◆ What to produce:
Leave out the images; return the rest of the data exactly.

◆ Short web captions:
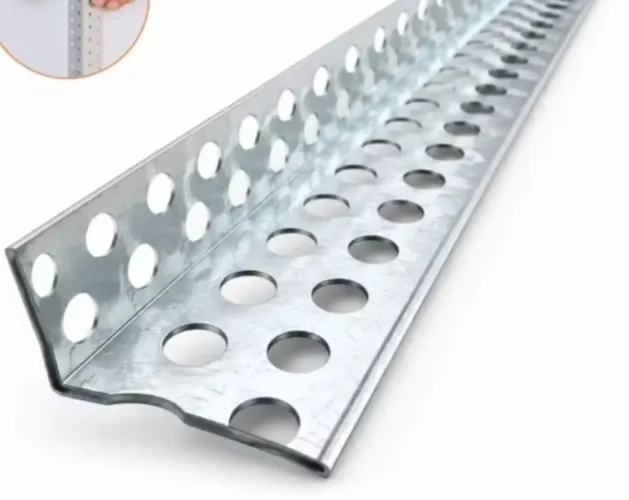 Kit 10m cantoneira proteção quina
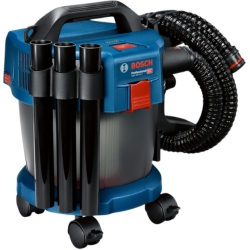 Bosch Professional 18V Akku-Sauger GAS 18V-10 L (Solo-Gerät) für 105€ (-14%)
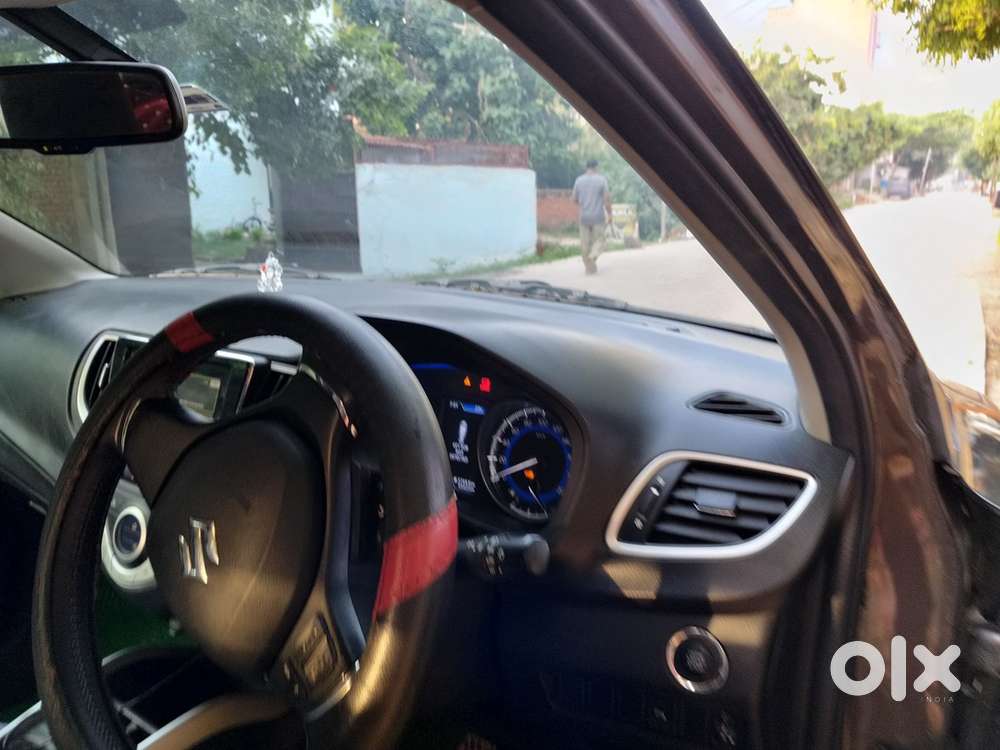 2018 Maruti Baleno Petrol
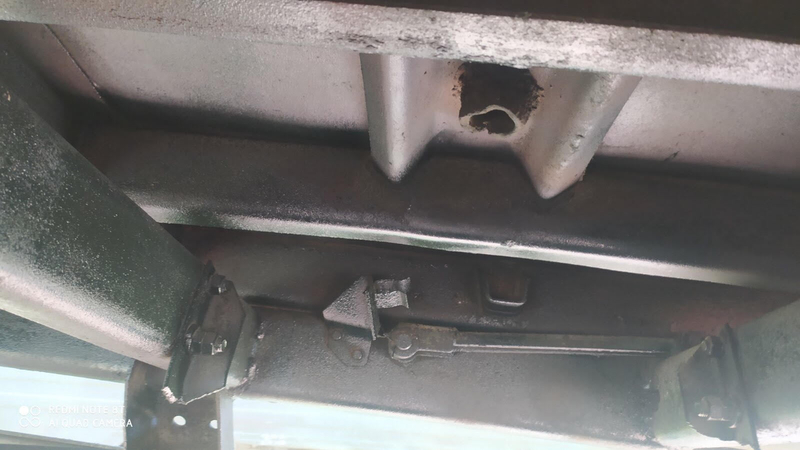 Платформа прицепа 2 ПТС 4 на кругу   - <ro>Изображение</ro><ru>Изображение</ru> #3, <ru>Объявление</ru> #1739295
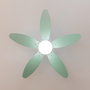 Ventilateur de Plafond avec Lumière Cecotec EnergySilence Aero 4260 Menthe 18 W 40 W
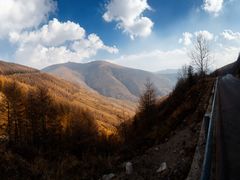 -五台山风景名胜区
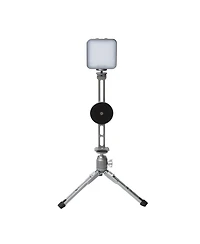 NiSi Explorer Mx-kit Magnetic Tripod Phone Mount with Table Top Tripod and Led Light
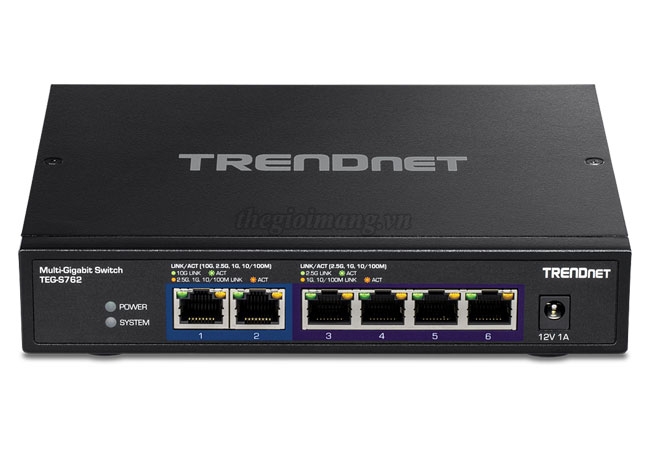 Switch Trendnet TEG-S762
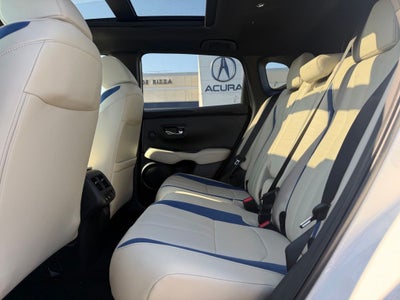 2026 Acura ADX A-Spec Package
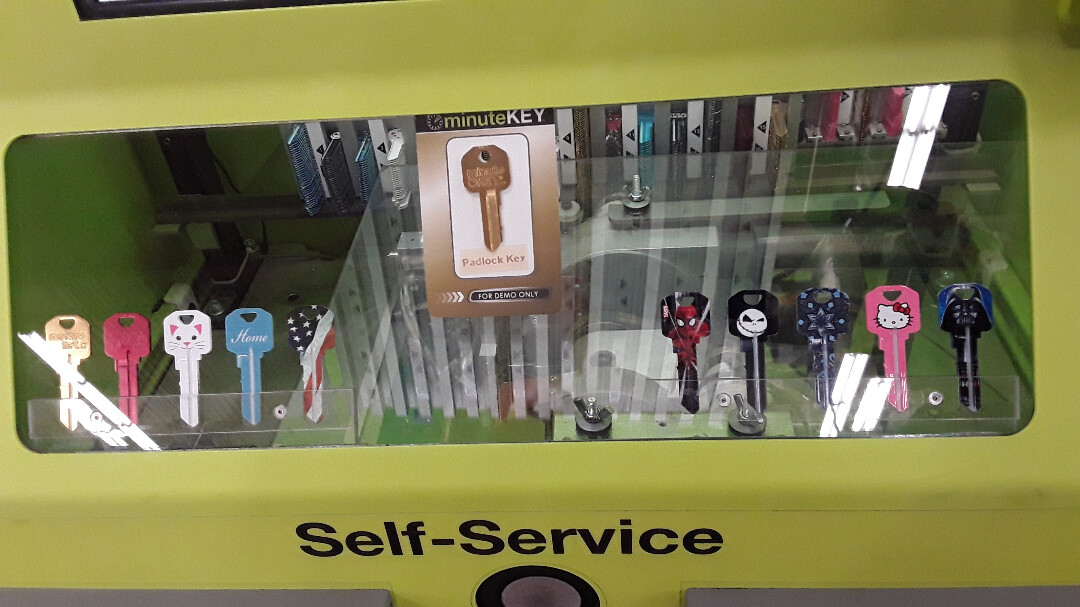 Images Minute Key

◆ Finished task:
 Kit 10m cantoneira proteção quina
 Bosch Professional 18V Akku-Sauger GAS 18V-10 L (Solo-Gerät) für 105€ (-14%)
 2018 Maruti Baleno Petrol
 Платформа прицепа 2 ПТС 4 на кругу   - <ro>Изображение</ro><ru>Изображение</ru> #3, <ru>Объявление</ru> #1739295
 Ventilateur de Plafond avec Lumière Cecotec EnergySilence Aero 4260 Menthe 18 W 40 W
 -五台山风景名胜区
 NiSi Explorer Mx-kit Magnetic Tripod Phone Mount with Table Top Tripod and Led Light
 Switch Trendnet TEG-S762
 2026 Acura ADX A-Spec Package
 Images Minute Key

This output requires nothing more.